Generally, IP addresses that are attributed the highest percentage
of a sample are the likeliest of being a `hotspot` or problem area
within the program.
SUMMARY OF THE INVENTION
[0007] Methods, apparatuses, and computer program products for
instruction weighting for performance profiling in a group dispatch
processor are described. In a particular embodiment, a post
processing profiler retrieves an execution sample including an
instruction address of a youngest instruction in a dispatch group
that has completed execution in a group dispatch processor and a
number of instructions in the dispatch group. In the particular
embodiment, the post processing profiler identifies, based on the
instruction address of the youngest instruction and the number of
instructions in the dispatch group, all of the instructions that
are in the dispatch group at the time that the dispatch group
completes execution. In the particular embodiment, the post
processing profiler applies within an execution profile, the result
of the execution sample, equally to all of the identified
instructions that are in the dispatch group.
[0008] The foregoing and other objects, features and advantages of
the invention will be apparent from the following more particular
descriptions of exemplary embodiments of the invention as
illustrated in the accompanying drawings wherein like reference
numbers generally represent like parts of exemplary embodiments of
the invention.
BRIEF DESCRIPTION OF THE DRAWINGS
[0009] FIG. 1 sets forth a diagram of an example system configured
for instruction weighting for performance profiling in a group
dispatch processor.
[0010] FIG. 2 sets forth a flow chart illustrating an example
method of instruction weighting for performance profiling in a
group dispatch processor.
[0011] FIG. 3 sets forth a flow chart illustrating another example
method of instruction weighting for performance profiling in a
group dispatch processor.
[0012] FIG. 4 sets forth a flow chart illustrating another example
method of instruction weighting for performance profiling in a
group dispatch processor.
[0013] FIG. 5 sets forth a diagram of an example user interface of
a post processing profiler for instruction weighting for
performance profiling in a group dispatch processor.

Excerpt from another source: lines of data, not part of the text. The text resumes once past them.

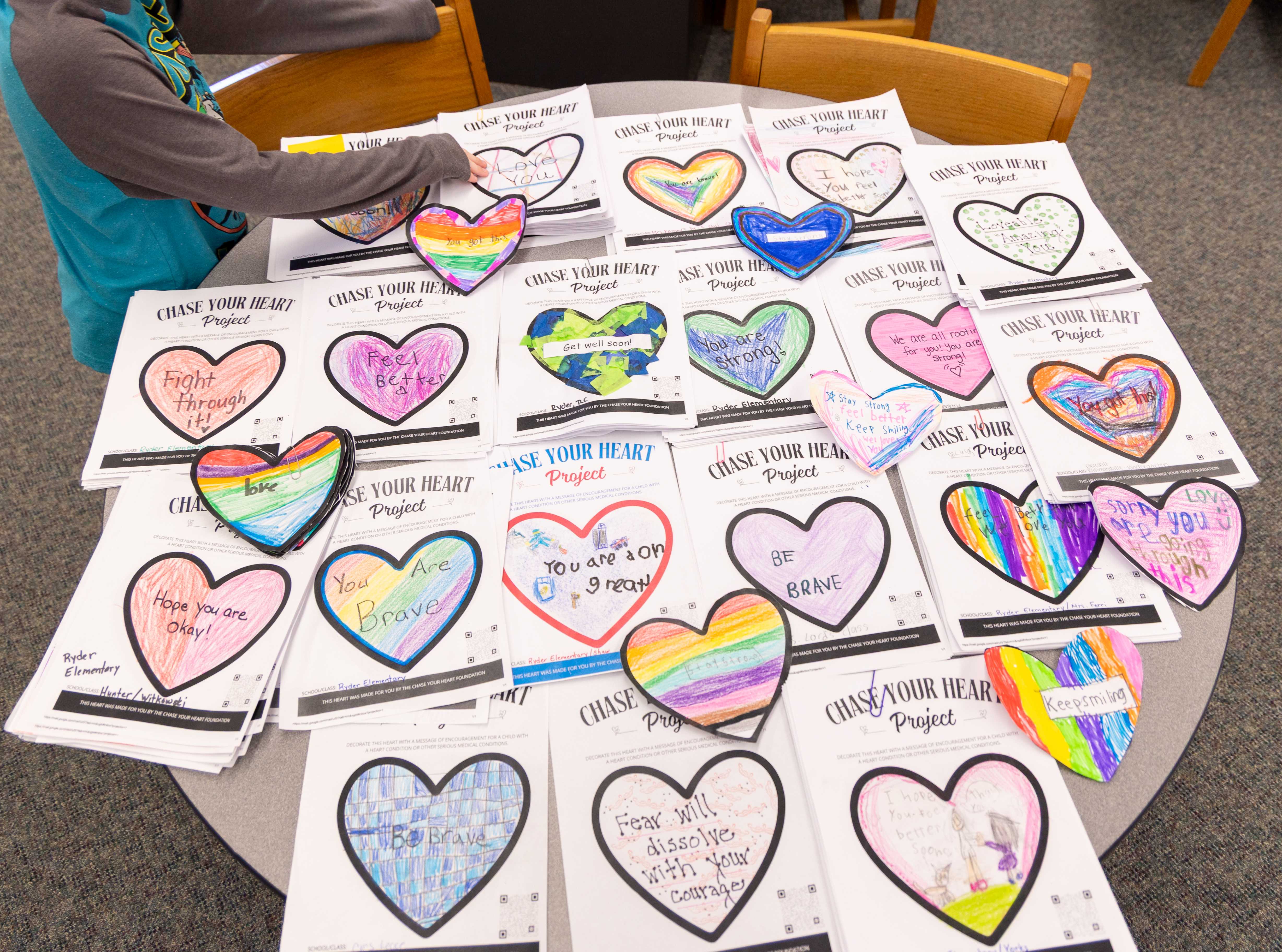 Stacks of all the designed hearts collected at Ryder.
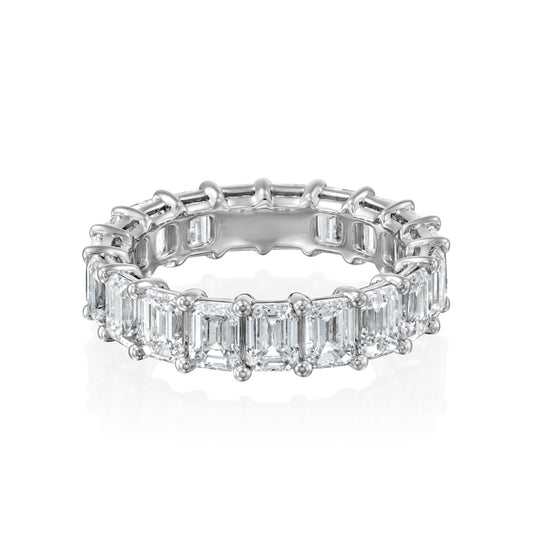 5ct Filomela Emerald Cut Moissanite Ring - Silver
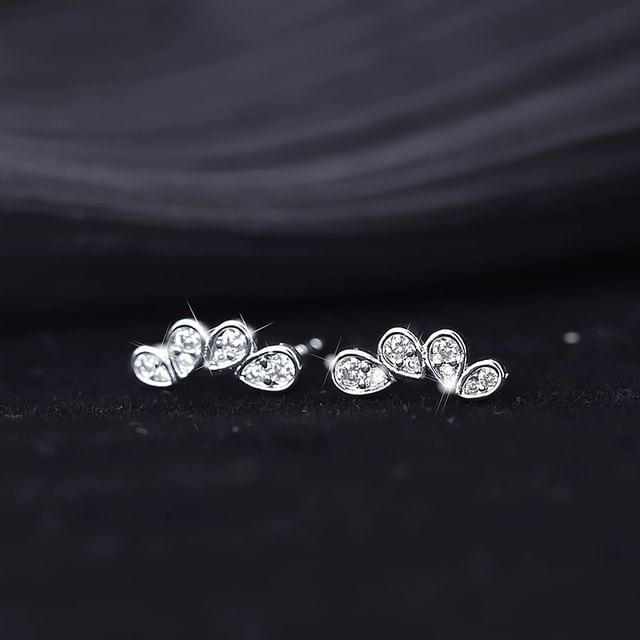 Gaya-Rhinestone Sterling Silver Crawler Earring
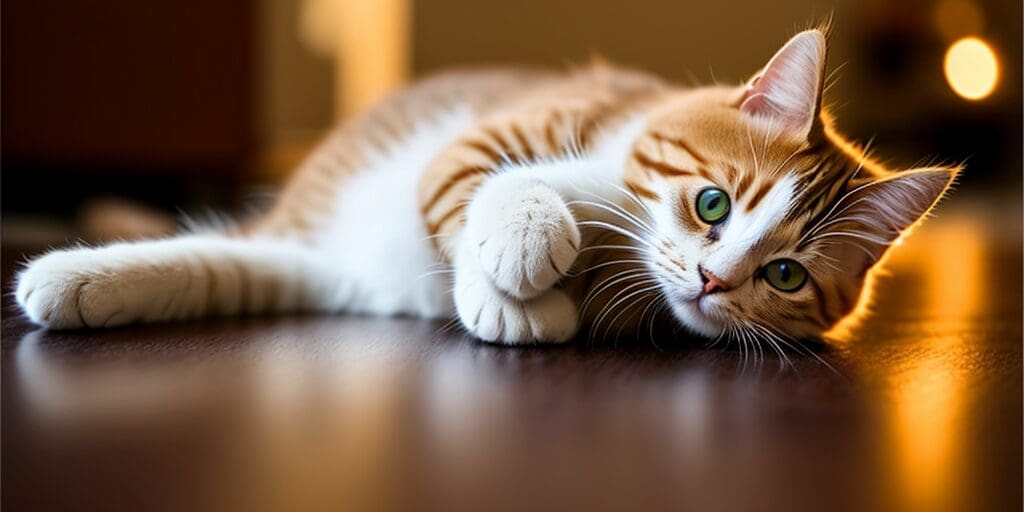 A ginger and white cat is lying on a wooden floor. The cat has its paw tucked under its head and is looking at the camera. The background is blurry and there are two warm-colored lights in the background.
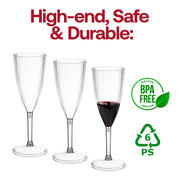 8 oz. Clear Stripe Round Disposable Plastic Champagne Flutes BPA | Smarty Had A Party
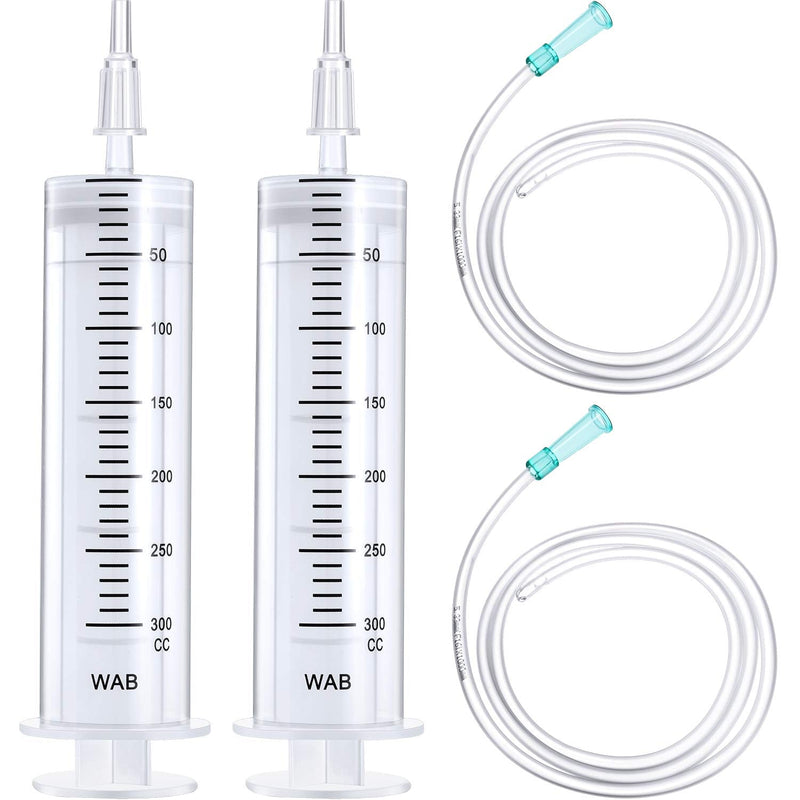  [AUSTRALIA] - BBTO 2 Pieces Large Plastic Syringe with Tube 2 Pieces 40 Inch Handy Plastic Tubing and 2 Pieces Connections for Scientific Lab, Glue Dispensing, Watering, Refilling, Feeding and Measuring (300 ML) 300 ML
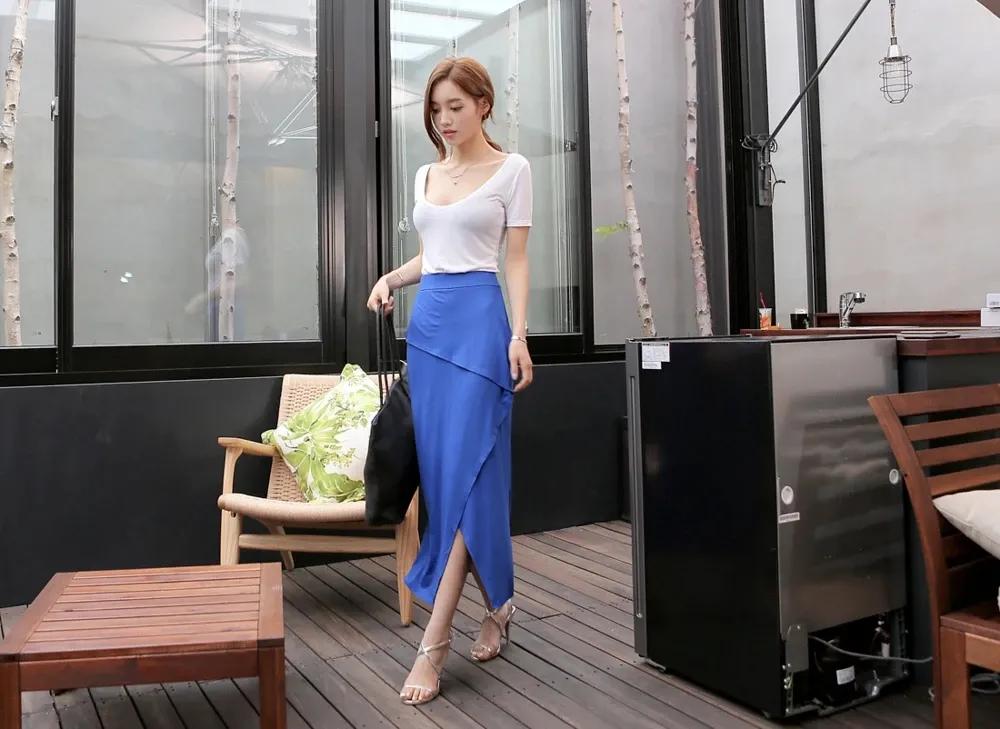 孙允珠蓝色波点连衣裙,孙允珠夏日长裙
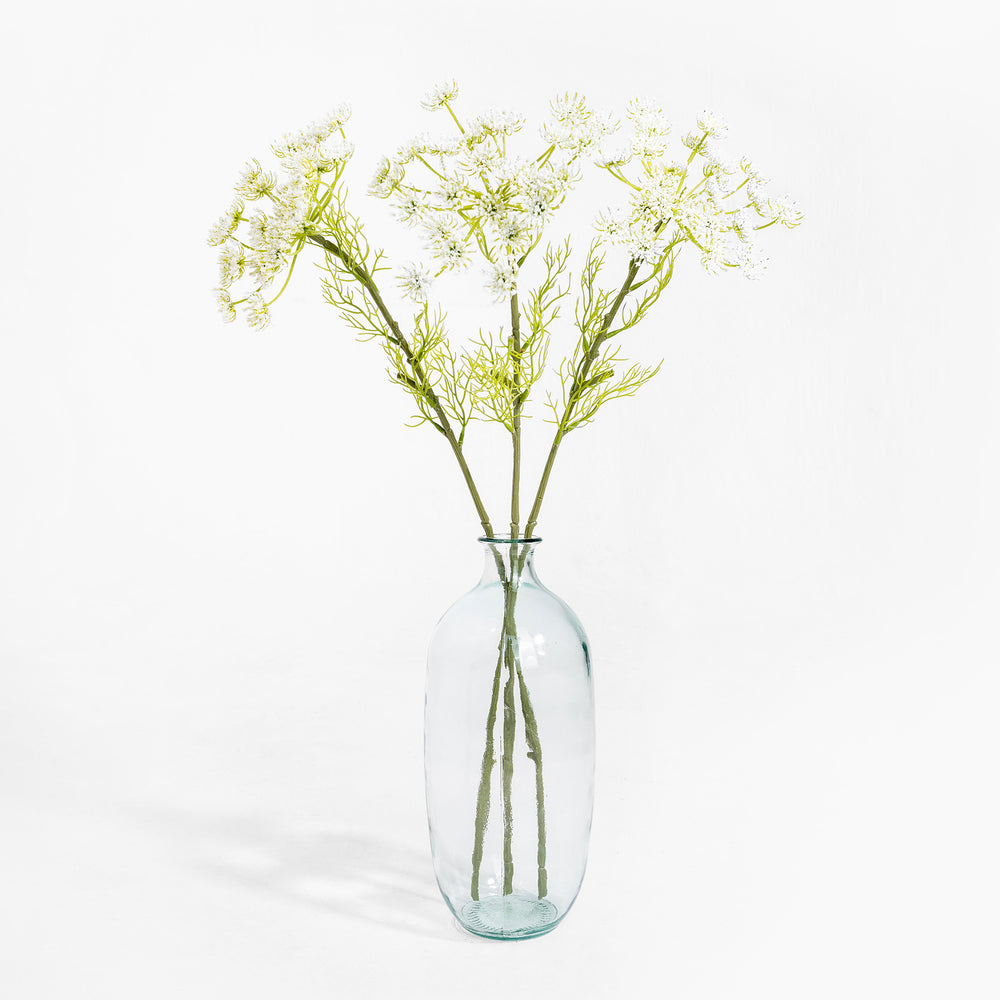 Clear glass vase with dried plants on a white background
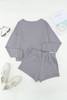 Grey Ribbed Knit Drop-Shoulder Sleeve Top and Shorts Lounge Set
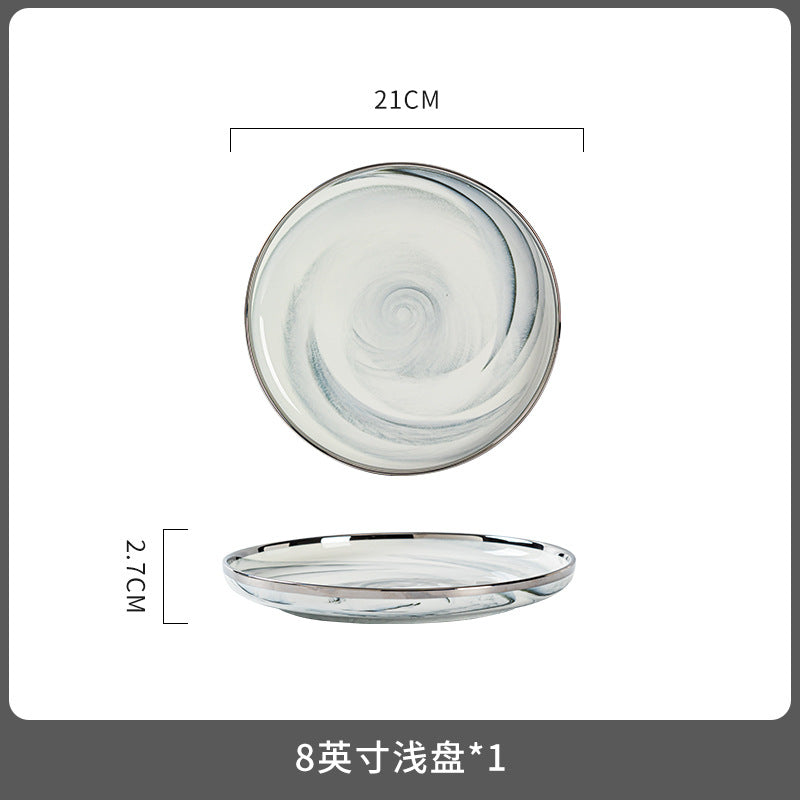 碗盘碗碟餐具套装家用轻奢高级感新款餐具大理石碗筷碗具乔迁礼物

DETAILED DESCRIPTION OF EXEMPLARY EMBODIMENTS
[0014] Exemplary methods, apparatuses, and computer program
products for instruction weighting for performance profiling in a
group dispatch processor in accordance with the present invention
are described with reference to the accompanying drawings,
beginning with FIG. 1.
[0015] In the following description, for the purposes of
explanation, numerous specific details are set forth in order to
provide a thorough understanding of the present invention. It will
be apparent, however, to one skilled in the art that the present
invention may be practiced without these specific details. In other
instances, well-known structures and devices are shown in block
diagram form in order to avoid unnecessarily obscuring the present
invention.
[0016] In addition, in the following description, for purposes of
explanation, numerous systems are described. It is important to
note, and it will be apparent to one skilled in the art, that the
present invention may execute in a variety of systems, including a
variety of computer systems and electronic devices operating any
number of different types of operating systems.
[0017] With reference now to the figures, FIG. 1 sets forth a
diagram of an example system (100) configured for instruction
weighting for performance profiling in a group dispatch processor
(102). The system (100) may take the form of a desktop, server,
portable, laptop, notebook, or other form factor computer or data
processing system. The system (100) may also take other form
factors such as a gaming device, a personal digital assistant
(PDA), a portable telephone device, a communication device or other
devices that include a processor and memory. The primary task of
the system (100) is the processing of software programs by
execution of instructions as single instructions or instruction
groups.
[0018] A group dispatch processor dispatches and completes
instructions according to a group. In the illustrative embodiment,
the group dispatch processor (102) is a superscalar microprocessor,
including units, registers, buffers, memories, and other sections,
shown and not shown, all of which are formed by integrated
circuitry. It will be apparent to one skilled in the art that
additional or alternate units, registers, buffers, memories and
other sections may be implemented within the group dispatch
processor (102) for full operation. In one example, the group
dispatch processor (102) operates according to reduced instruction
set computer (RISC) techniques.
[0019] In the example of FIG. 1, the system (100) includes the
group dispatch processor (102), a memory controller (128), and
system memory (130). The group dispatch processor (102) of FIG. 1
includes a cache memory (120), a fetch unit (104), a decode unit
(106), a dispatch unit (108), a plurality of execution units (110,
112, 114), and a completion unit (116).
[0020] In one embodiment, the group dispatch processor (102)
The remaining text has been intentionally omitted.